Extracted entries:

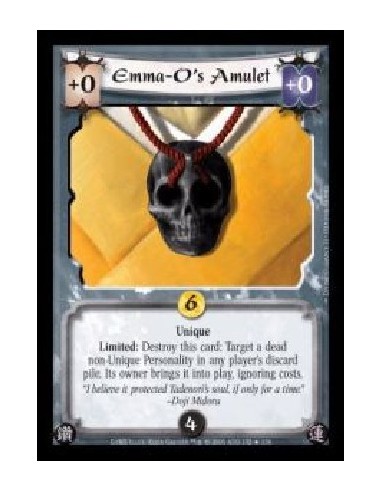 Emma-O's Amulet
* * *
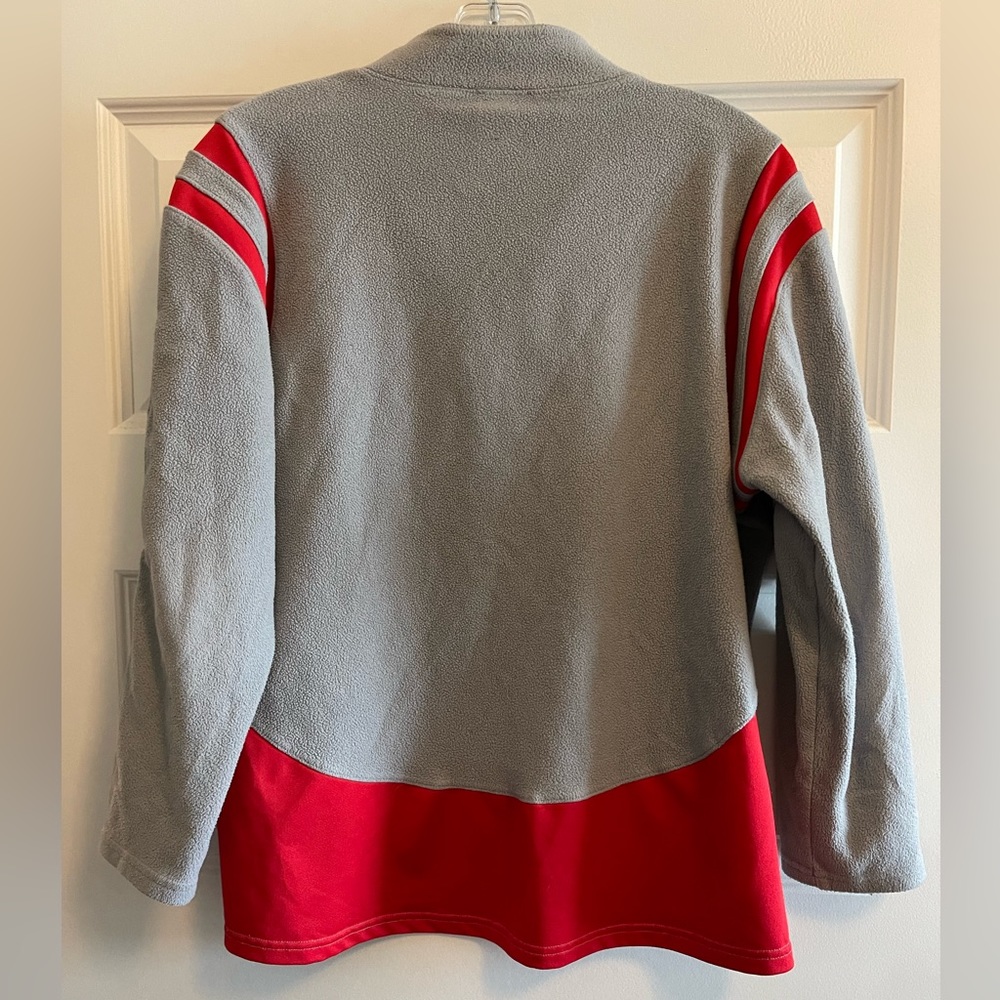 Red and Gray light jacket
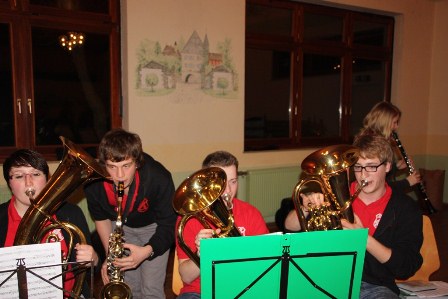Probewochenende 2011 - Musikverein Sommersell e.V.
* * *
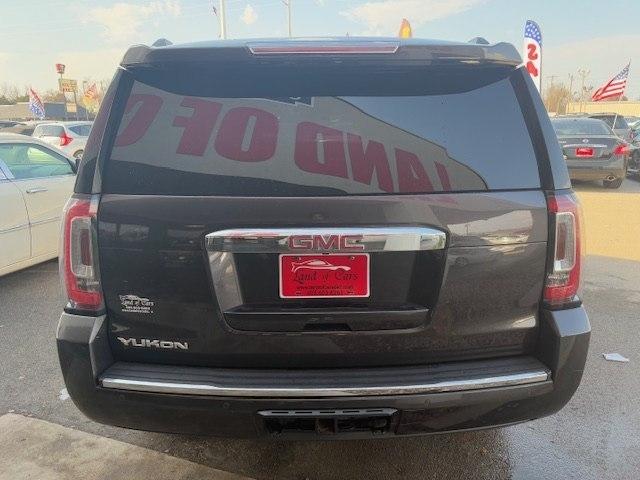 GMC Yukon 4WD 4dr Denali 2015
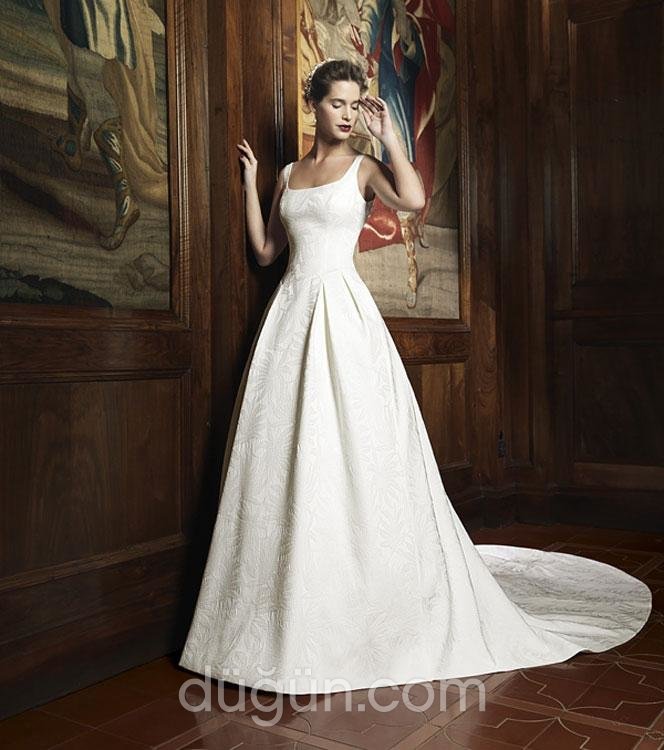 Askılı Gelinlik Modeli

Assignment: An exact copy is needed of the entries above, starting at the line that holds "GMC Yukon 4WD 4dr Denali 2015" and stopping at the line that holds "Askılı Gelinlik Modeli", both kept; pictures stay out.

Response box:
 GMC Yukon 4WD 4dr Denali 2015
 Askılı Gelinlik Modeli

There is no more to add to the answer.